Od kanapki do sandwicha
W Hiszpanii okazało się, że pomiędzy chleb można wkładać wiele bardzo zaskakujących rzeczy. Mogą to być smażone kalmary, może to być tortilla de patatas, może to być tabliczka czekolady (tak, Hiszpanie nazwę "pan con chocolate" wzięli sobie do serca bardzo dosłownie). Mogą to być też mniej kontrowersyjne rzeczy, jak na przykład, tuńczyk, oliwki, sałata i jajka, ale te akurat można znaleźć w wielu innych krajach, przejdźmy więc do naszej pierwszej konkluzji językowej (bo nadal jesteśmy na blogu językowym): "un bocadillo" (lub potocznie "un bocata") to, mniej więcej, "kanapka", tyle że robiona z hiszpańskiego chleba, bagietki lub podobnych raczej podłużnych wyrobów piekarniczych.

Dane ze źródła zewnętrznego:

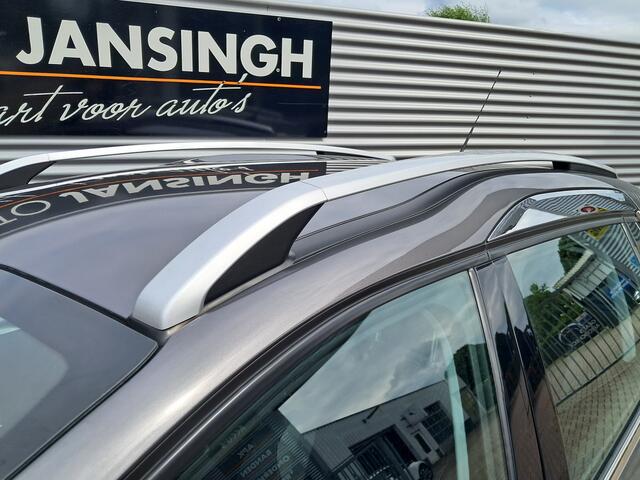 Peugeot 2008 1.2 PureTech GT-line!! | Clima | Cruise control | Trekhaak | LM Velgen | Distr. riem is al v.v. | RIJKLAARPRIJS INCL 12 MAANDEN GARANTIE EN BEURT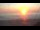 Webcam in Contis, 10.5 mi away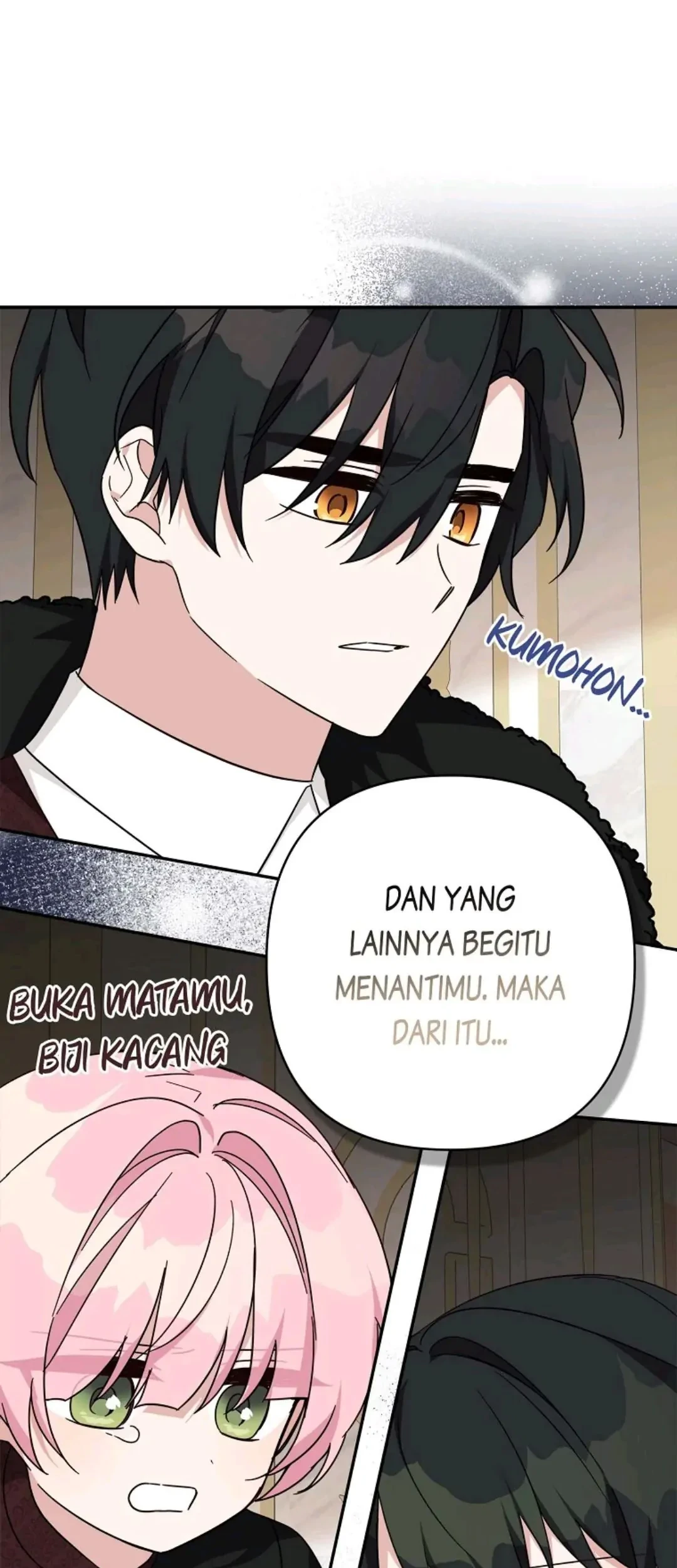 Chapter 74 - halaman 88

Jednak uwaga: jeśli zamiast bagietki zechcecie użyć chleba tostowego (czyli pan de molde), to z "bocadillo" zrobi się "un sándwich".
Niejadalne hiszpańskie kanapki
A teraz coś dla tych, którzy są głodni wiedzy językowej i jeszcze nie oddalili się w poszukiwaniu przepisów na hiszpańskie kanapki (całkiem fajny spis można znaleźć w angielskiej wersji Wikipedii). Bocadillo w komiksach, to miejsce, w którym pojawiają się dialogi bohaterów, po polsku znane jako "chmurki" lub "dymki". A skoro o tym mowa - muszę wspomnieć o "Mortadelo y Filemón" - jednym z najpopularniejszych hiszpańskich komiksów o parze szalonych agentów specjalnych, a być może nawet detektywów.
I nie, Filemón nie jest kotem. Imię Mortadelo za to tylko jedną literą różni się od słówka "mortadela", którą, dziwnym trafem, również można konsumować z chlebem. Być może gastronomiczne i językowe podstawy hiszpańskiego mają ze sobą coś wspólnego?
Ostatnio natknęłam się również na całkiem interesujące wyrażenie, jakim jest "la técnica del sándwich", czyli przekazanie negatywnej wiadomości pośrodku dwóch pozytywnych. Ostatnimi czasy mechanizm ten jest często używany na rozmowach kwalifikacyjnych o pracę.
Wracając jednak do naszych kanapkowych słówek, nie może obyć się bez zdania podsumowującego:
¿Qué pone en este bocadillo? - No lo sé, pero tráeme un bocadillo de chorizo y lo miramos juntos.
- Co jest napisane w tej chmurce? - Nie wiem, ale przynieś mi kanapkę z chorizo i razem się temu przyjrzymy.